This is what I have tried so far:
Since $g(z)$ is bounded, then $\lim\limits_{z\rightarrow 0} zg(z)=0$ and hence $z=0$ is a removable singularity of $g(z)$. We can define $g(0) = \lim\limits_{z\rightarrow 0} f(z)f(\frac{1}{z})$ and make $g$ entire.
Then $g(z)$ is a bounded entire function and hence $g$ is a constant function. In other words, $f(z)f(\frac{1}{z}) = c$ for some $c\in\mathbb{C}$ and for $z\neq 0$
I don't know how to continue from this step. I tried to prove that $f(\frac{1}{z})$ has either a pole or a removable singularity at $z=0$ to show first that $f(z)$ is a polynomial or a constant but I failed.
Suppose that $c \neq 0$, or the equation $f(z)f(1/z)=c$ has only zero solutions. $f$ is analytic, so it has a zero of order $n$ at $z=0$, where $n$ can be zero. Since $c \neq 0$, $f \neq 0$ since $f(1)^2=c$, for example.

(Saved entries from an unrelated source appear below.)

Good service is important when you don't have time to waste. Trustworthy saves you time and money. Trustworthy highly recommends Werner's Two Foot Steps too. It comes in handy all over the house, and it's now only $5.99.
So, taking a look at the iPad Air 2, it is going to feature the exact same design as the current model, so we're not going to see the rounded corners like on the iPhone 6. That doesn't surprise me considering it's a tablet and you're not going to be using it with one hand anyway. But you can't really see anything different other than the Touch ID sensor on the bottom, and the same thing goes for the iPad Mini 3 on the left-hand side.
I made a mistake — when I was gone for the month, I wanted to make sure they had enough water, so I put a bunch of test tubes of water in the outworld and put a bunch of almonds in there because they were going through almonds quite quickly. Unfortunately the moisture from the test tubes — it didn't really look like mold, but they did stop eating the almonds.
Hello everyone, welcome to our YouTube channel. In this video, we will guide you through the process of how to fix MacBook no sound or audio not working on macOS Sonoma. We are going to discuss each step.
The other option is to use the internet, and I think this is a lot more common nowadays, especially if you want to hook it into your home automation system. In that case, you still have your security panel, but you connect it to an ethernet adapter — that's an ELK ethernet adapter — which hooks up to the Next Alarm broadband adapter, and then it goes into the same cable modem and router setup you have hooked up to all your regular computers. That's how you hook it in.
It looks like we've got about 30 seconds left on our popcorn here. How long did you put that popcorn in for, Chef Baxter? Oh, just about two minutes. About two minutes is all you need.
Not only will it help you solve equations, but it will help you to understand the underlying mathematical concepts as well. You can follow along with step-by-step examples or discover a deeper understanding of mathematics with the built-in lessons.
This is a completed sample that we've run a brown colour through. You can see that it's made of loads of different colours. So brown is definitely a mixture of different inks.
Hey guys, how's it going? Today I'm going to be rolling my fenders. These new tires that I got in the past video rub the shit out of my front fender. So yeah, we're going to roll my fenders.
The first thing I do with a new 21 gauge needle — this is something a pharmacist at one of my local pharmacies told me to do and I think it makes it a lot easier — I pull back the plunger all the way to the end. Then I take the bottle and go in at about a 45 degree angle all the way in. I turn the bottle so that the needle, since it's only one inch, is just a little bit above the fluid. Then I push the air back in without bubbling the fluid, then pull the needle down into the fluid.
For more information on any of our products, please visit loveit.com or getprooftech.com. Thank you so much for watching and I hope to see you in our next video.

Then $h(z) = f(z)/z^n$ can be extended to an entire function by adding the value $h(0) = \lim_{z \to 0} f(z)/z^n$. Moreover, it is easy to see that $h(z)$ satisfies the same functional equation as $f$. So $$ h(z)h(1/z) = c, $$ and $h(z) \to a \neq 0$ as $z \to 0$. But then $h(1/z) = c/h(z) \to c/a$ as $z \to \infty$. But this means that $h$ is an entire function with a finite limit at $\infty$, so it is bounded, and hence constant. So $h(z)=a$, and $f(z)=az^n$.